The 3 months correlation between Longfor and Wharf is -0.23. Overlapping area represents the amount of risk that can be diversified away by holding Longfor Properties Co and Wharf Holdings in the same portfolio, assuming nothing else is changed. The correlation between historical prices or returns on Wharf Holdings and Longfor Properties is a relative statistical measure of the degree to which these equity instruments tend to move together. The correlation coefficient measures the extent to which returns on Longfor Properties Co are associated (or correlated) with Wharf Holdings. Values of the correlation coefficient range from -1 to +1, where. The correlation of zero (0) is possible when the price movement of Wharf Holdings has no effect on the direction of Longfor Properties i.e., Longfor Properties and Wharf Holdings go up and down completely randomly.

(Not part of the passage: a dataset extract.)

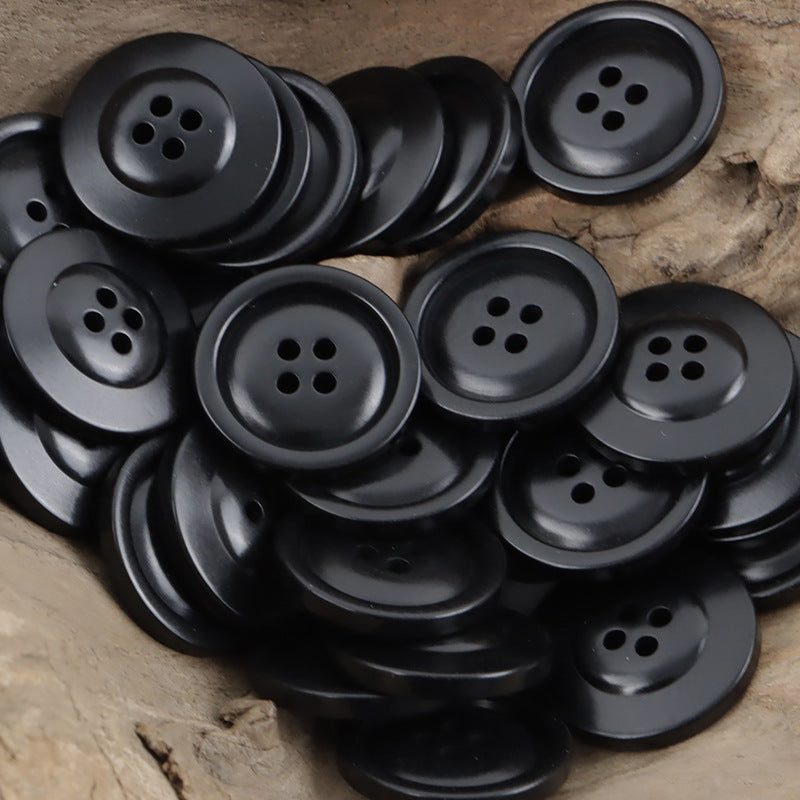 Four-hole nut buttons in black, assorted 10 pcs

Pair Corralation between Longfor Properties and Wharf Holdings

Assuming the 90 days horizon Longfor Properties Co is expected to generate 0.7 times more return on investment than Wharf Holdings. However, Longfor Properties Co is 1.43 times less risky than Wharf Holdings. It trades about 0.03 of its potential returns per unit of risk. Wharf Holdings is currently generating about -0.05 per unit of risk. If you would invest  1,278  in Longfor Properties Co on December 29, 2024 and sell it today you would earn a total of  41.00  from holding Longfor Properties Co or generate 3.21% return on investment over 90 days.
Time Period3 Months [change]
DirectionMoves Against 
StrengthInsignificant
Accuracy100.0%
ValuesDaily Returns

Longfor Properties Co  vs.  Wharf Holdings

 Performance 
       Timeline  
Longfor Properties 

Risk-Adjusted Performance

Weak

 
Weak
 
Strong
Compared to the overall equity markets, risk-adjusted returns on investments in Longfor Properties Co are ranked lower than 2 (%) of all global equities and portfolios over the last 90 days. In spite of fairly strong basic indicators, Longfor Properties is not utilizing all of its potentials. The current stock price disturbance, may contribute to short-term losses for the investors.
Wharf Holdings 

Risk-Adjusted Performance

Very Weak

 
Weak
 
Strong
Over the last 90 days Wharf Holdings has generated negative risk-adjusted returns adding no value to investors with long positions. In spite of latest weak performance, the Stock's technical and fundamental indicators remain strong and the current disturbance on Wall Street may also be a sign of long term gains for the company investors.

Longfor Properties and Wharf Holdings Volatility Contrast

   Predicted Return Density   
       Returns  

Pair Trading with Longfor Properties and Wharf Holdings

The main advantage of trading using opposite Longfor Properties and Wharf Holdings positions is that it hedges away some unsystematic risk. Because of two separate transactions, even if Longfor Properties position performs unexpectedly, Wharf Holdings can make up some of the losses. Pair trading also minimizes risk from directional movements in the market. For example, if an entire industry or sector drops because of unexpected headlines, the short position in Wharf Holdings will offset losses from the drop in Wharf Holdings' long position.
The idea behind Longfor Properties Co and Wharf Holdings pairs trading is to make the combined position market-neutral, meaning the overall market's direction will not affect its win or loss (or potential downside or upside). This can be achieved by designing a pairs trade with two highly correlated stocks or equities that operate in a similar space or sector, making it possible to obtain profits through simple and relatively low-risk investment.
Check out your portfolio center.
Note that this page's information should be used as a complementary analysis to find the right mix of equity instruments to add to your existing portfolios or create a brand new portfolio. You can also try the Global Correlations module to find global opportunities by holding instruments from different markets.